-- Data section --
== == ==
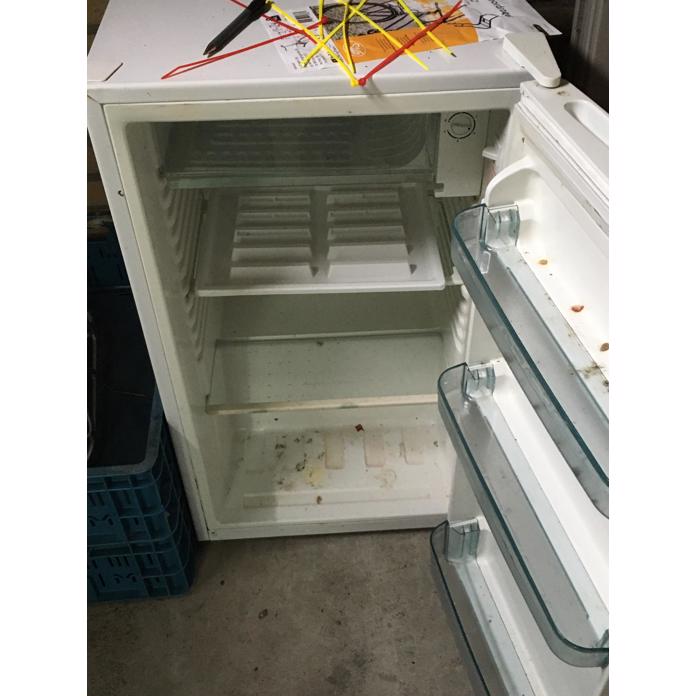 jongen Buitenshuis Geleidbaarheid Smalle koelkast met vriesvak in Zaandam - Witgoed en Apparatuur, Keuken -  Markanda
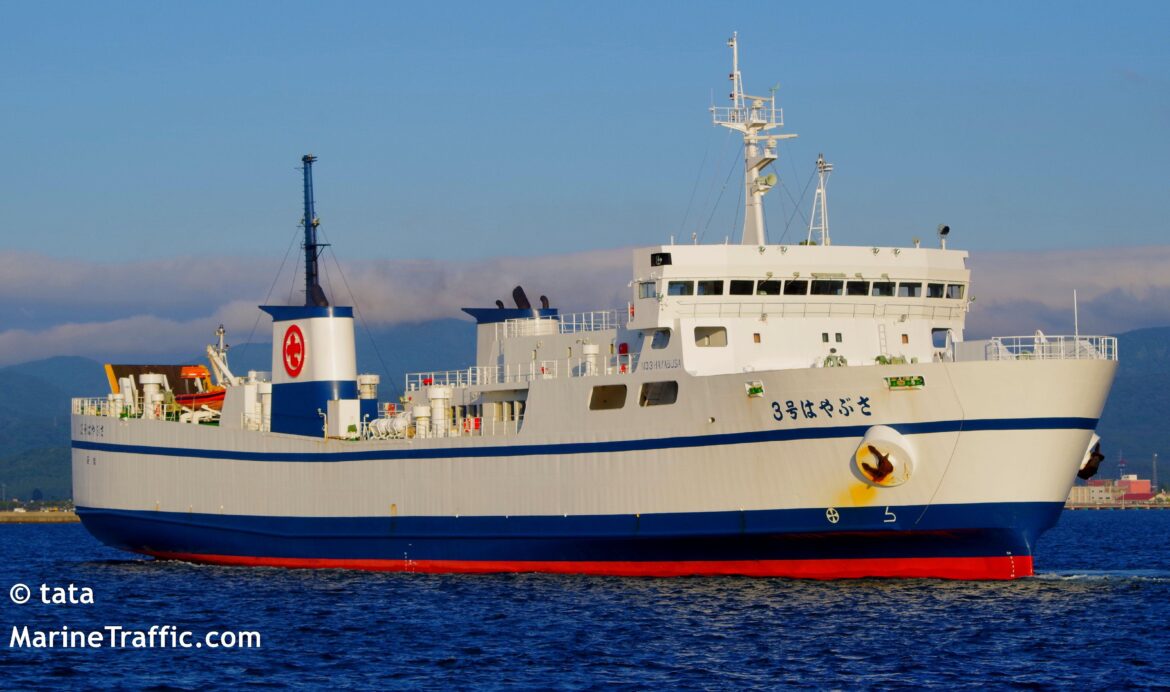 La compagnia greca Saronic Ferries ha acquistato il traghetto giapponese Hayabusa 3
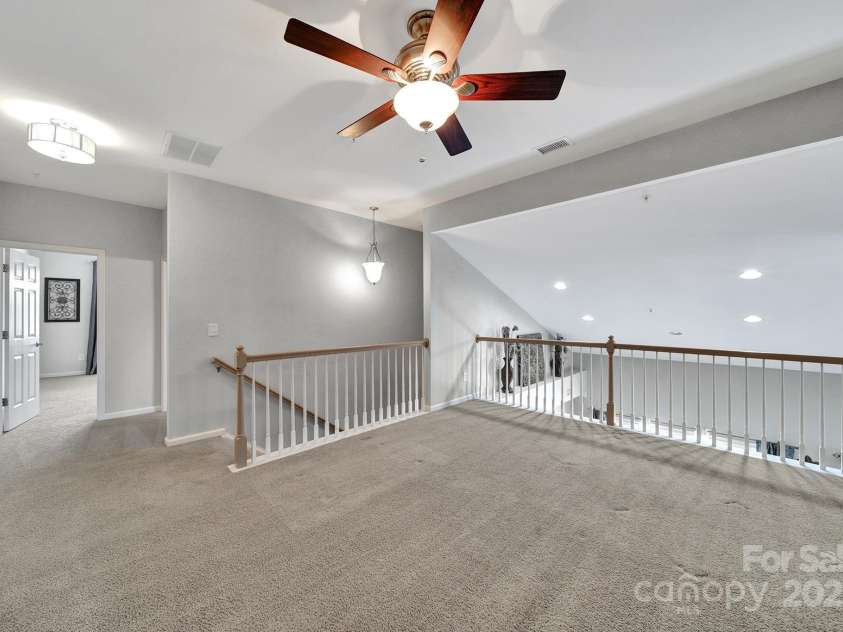314 Wave Crest Drive, Tega Cay, SC 29708.  MLS# CAR4245002, YatesRealty ID 7739. Loft over Great Room
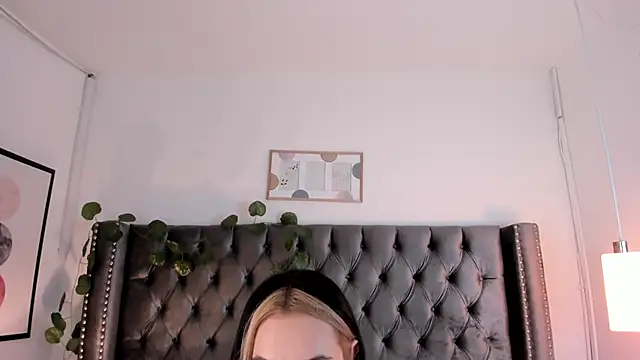 Kim Blane online show from December 30, 3:47 am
== == ==
-- Exercise --
Once the line containing "La compagnia greca" has been found, write out exactly that line and each one after it through the end of the data, leaving out every picture.

-- Task result --
 La compagnia greca Saronic Ferries ha acquistato il traghetto giapponese Hayabusa 3
314 Wave Crest Drive, Tega Cay, SC 29708.  MLS# CAR4245002, YatesRealty ID 7739. Loft over Great Room
 Kim Blane online show from December 30, 3:47 am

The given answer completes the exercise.